Yachting: Wild Oats XI Leads Sydney to Hobart
Sydney. Wild Oats XI was leading the Sydney to Hobart yacht race on Tuesday after battling rough conditions overnight, with the fleet facing a gripping tactical dash to the finish due to a lack of winds.
The supermaxi Wild Oats XI, hot favorite to take its sixth line honours win, was just 10 nautical miles ahead as fellow 100-footer Investec Loyal gathered speed in the 628 nautical mile classic from Sydney to Tasmania.
The fleet had sped down Australia’s south coast, helped by strong winds churned up by a storm system to the south and tropical cyclones to north, race organizers said, but was facing a lack of wind late Tuesday.
Cruising Yacht Club of Australia commodore Garry Linacre said the boats were still in the southerly stream, but it would soon die out and the yachts would struggle to maintain their pace.
“[It] looks like it could be a lack of wind and some conditions which may and may not provide some passing lanes and some catch up opportunities,” Linacre told reporters in Hobart.
“That means it could be a really difficult night of sailing.”

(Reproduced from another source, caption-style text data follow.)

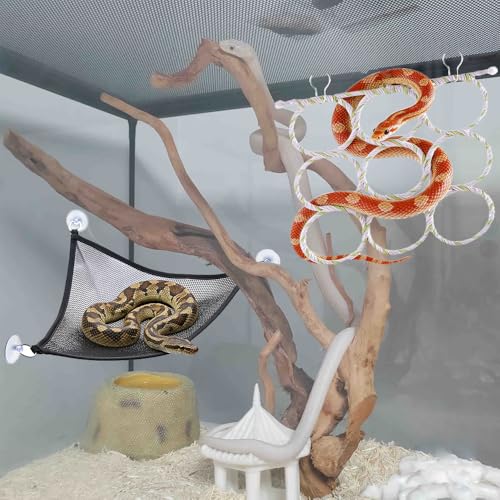 9-Loop Snake Enrichment Toys with Snake Climbing Accessories, Climbing Rings and Reptiles Climbing Toy Hammocks for Ball Python Corn Snakes Lizards, Small Reptile Tank Accessories — view 5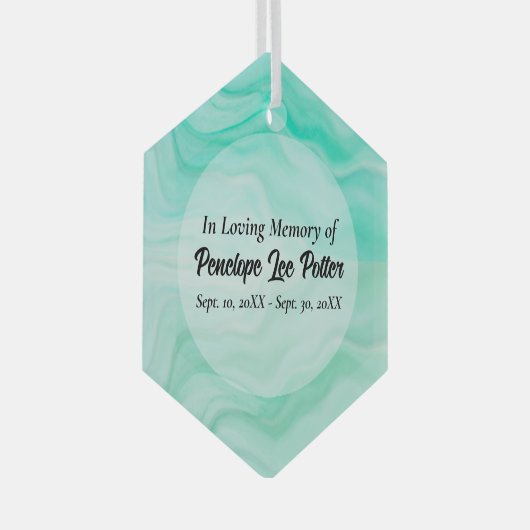 Aqua Sea Waves Memorial Keepake Suncatcher Ornament Aus Glas (Vorderseite Rechts)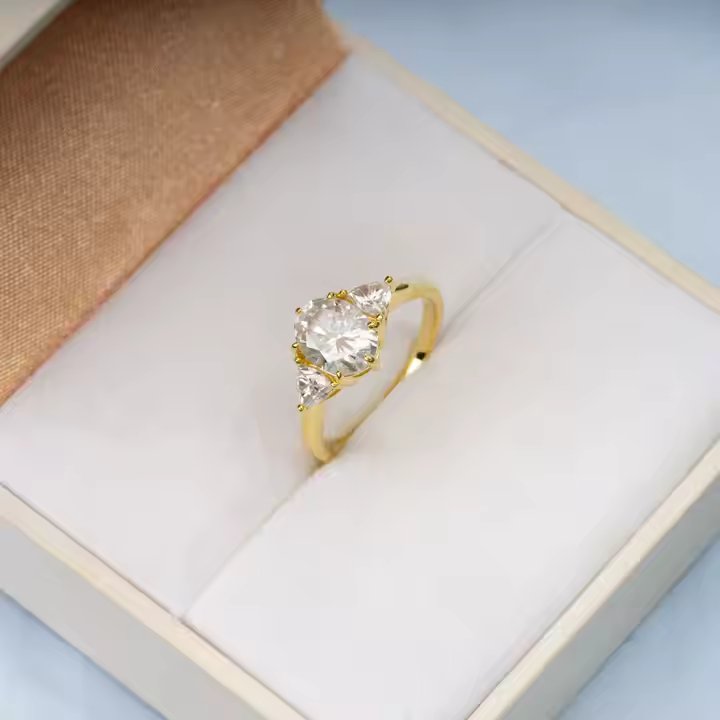 Three-Stone VVS Moissanite Engagement Ring - 925 Silver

Weather forecasters had expected strong winds and high seas for the first night of the prestigious annual race, and the top 15 yachts reported winds of up to 30 knots late Monday.
The event claimed the lives of six sailors in 1998 when catastrophic weather hit and sank five yachts.
Four boats pulled out Tuesday — Accenture Yeah Baby due to gear failure and line honours contender and supermaxi Wild Thing, first to Hobart in 2003, forced out by sail damage.
Hong Kong-based Ffreefire 52 had to return to Sydney with mainsail problems while 52-foot Duende retired to disembark a crewman with a dislocated shoulder.
Celestial, a Rogers IRC 46, retired on Monday night after breaking its gooseneck, which connects the mainsail boom to the mast.
That leaves 83 boats in the race, which starts every Boxing Day and sees yachts head down the Australian coast, cross the Bass Strait to the island of Tasmania, and sail up the Derwent River to Hobart’s Constitution Dock.
As much as crews can expect dangerously rough conditions, the Sydney to Hobart is also known for the maddening calm of the final stages of the race, particularly the journey along the Derwent.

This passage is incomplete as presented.